This process basically involves:
- Creating a PersistentVolume for a new volume.
- Copying the content of Old volume into new.
This Process Can be done by creating a simple Job Resource in a Kubernetes. Basically what we’ll be doing is mounting a source (old volume ) and destination ( new volume ) into a busy-box image container. And we’ll execute a copy command to copy contents from one to another. Let’s start with creating a Persistent-volume i.e. adding a storage to the Kubernetes cluster. Following is a Persistent Volume definition for newly created Persistent Volume. Basically it’s named target-pv cause it is where we’ll be storing the copy of existing volume’s content.
# pv for new volume
apiVersion: v1
kind: PersistentVolume
metadata:
name: target-pv
namespace: dj-kubernetes
spec:
capacity:
storage: 1Gi
accessModes:
- ReadWriteOnce
persistentVolumeReclaimPolicy: Retain
storageClassName: local10
hostPath:
path: "/home/app/copy"
Script above will create a volume using a kubernetes cluster:
- On a host path of /home/app/copy
- It will have a capacity of 1Gb.
- It can be mounted as ReadWrite once (i.e. by a single pod)

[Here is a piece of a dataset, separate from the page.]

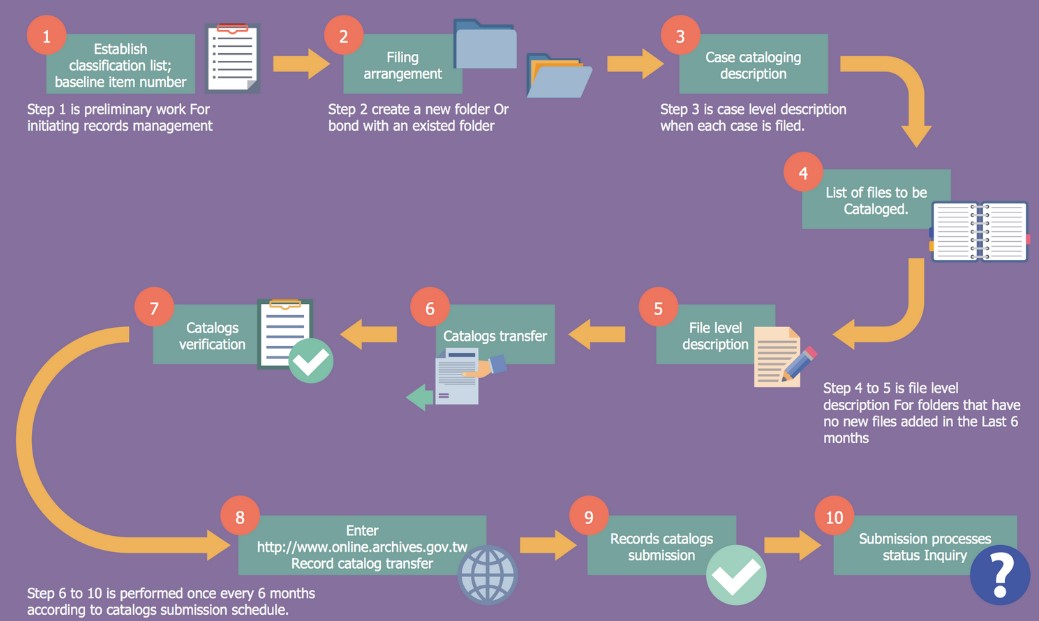 Business Workflow Diagramm | EdrawMax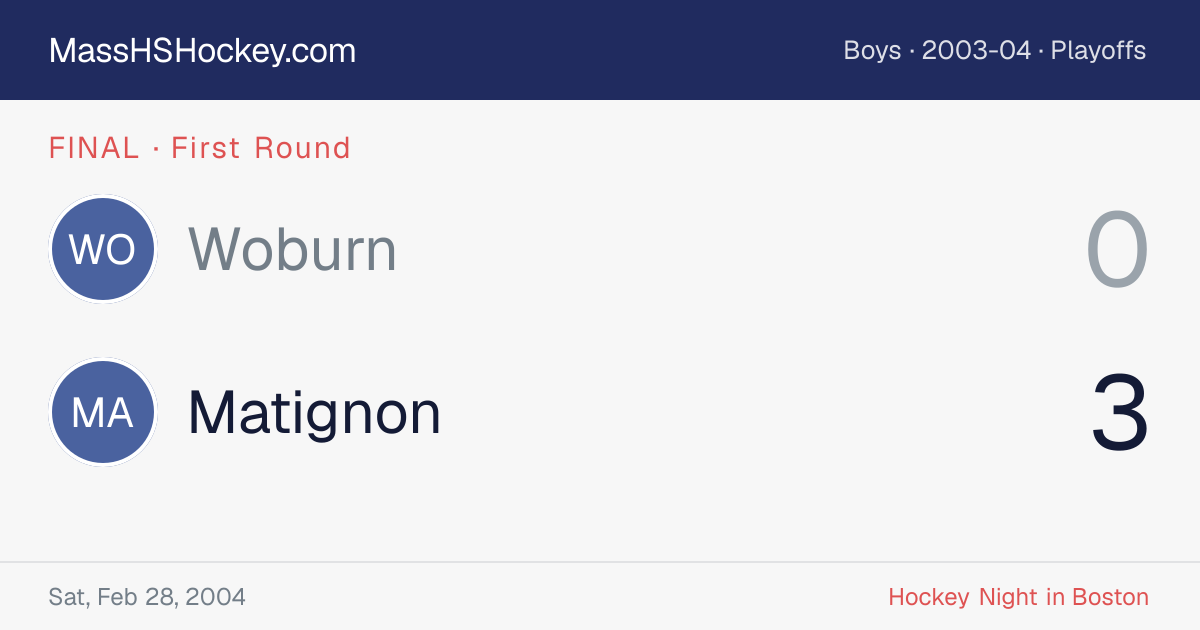 Woburn at Matignon score card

Now let’s use this storage volume with busybox container to copy from another persistent volume.
That was for a target / new volume where a files will be copied. Now let’s see a Persistent Volume for source (old volume) from where a content will be copied.
# pv and PVC for Old Volume
apiVersion: v1
kind: PersistentVolume
metadata:
name: postgres-pv
namespace: dj-kubernetes
spec:
capacity:
storage: 1Gi
accessModes:
- ReadWriteOnce
persistentVolumeReclaimPolicy: Retain
storageClassName: local1
hostPath:
path: "/home/app/postgres"
---
apiVersion: v1
kind: PersistentVolumeClaim
metadata:
name: postgres-pvc
namespace: dj-kubernetes
spec:
accessModes:
- ReadWriteOnce
resources:
requests:
storage: 1Gi
storageClassName: local1
So, above is the definition of existing postgres database volume. Claim named postgres-pvc is a volume claim for postgres. Basically it stores the content of postgres database into a hostpath /home/app/postgres.
# pvc for new volume with Job to copy content
apiVersion: v1
kind: PersistentVolume
metadata:
name: target-pv
namespace: dj-kubernetes
spec:
capacity:
storage: 1Gi
accessModes:
- ReadWriteOnce
persistentVolumeReclaimPolicy: Retain
storageClassName: local10
hostPath:
path: "/home/app/copy"
---
apiVersion: v1
kind: PersistentVolumeClaim
metadata:
name: target-pvc
namespace: dj-kubernetes
spec:
accessModes:
- ReadWriteOnce
resources:
requests:
storage: 1Gi
storageClassName: local10
---
apiVersion: batch/v1
kind: Job
metadata:
name: copy-postgres-data
namespace: dj-kubernetes
spec:
template:
spec:
restartPolicy: Never
volumes:
- name: source-volume
persistentVolumeClaim:
claimName: postgres-pvc
- name: target-volume
persistentVolumeClaim:
claimName: target-pvc
containers:
- name: copy-container
image: eeacms/rsync
command: ["sh", "-c", "rsync -av --progress --no-perms --ignore-existing /source/ /target/"]
volumeMounts:
- mountPath: /source
name: source-volume
- mountPath: /target
name: target-volume
Notice two volumeMounts:
template:
spec:
restartPolicy: Never
volumes:
- name: source-volume
persistentVolumeClaim:
claimName: postgres-pvc
- name: target-volume
persistentVolumeClaim:
claimName: target-pvc
containers:
- name: copy-container
image: eeacms/rsync
command: ["sh", "-c", "rsync -av --progress --no-perms --ignore-existing /source/ /target/"]
volumeMounts:
- mountPath: /source
name: source-volume
- mountPath: /target
name: target-volume
Here we are using eeacms/rsync docker image to execute a command
rsync -av --progress --no-perms --ignore-existing /source/ /target/
Where source is a mount path for source storage i.e. our old volume while target is a mount path for target or new volume. We have two claim names, target-pvc and postgres-pvc which are basically used to allocate a volume inside the container / pod.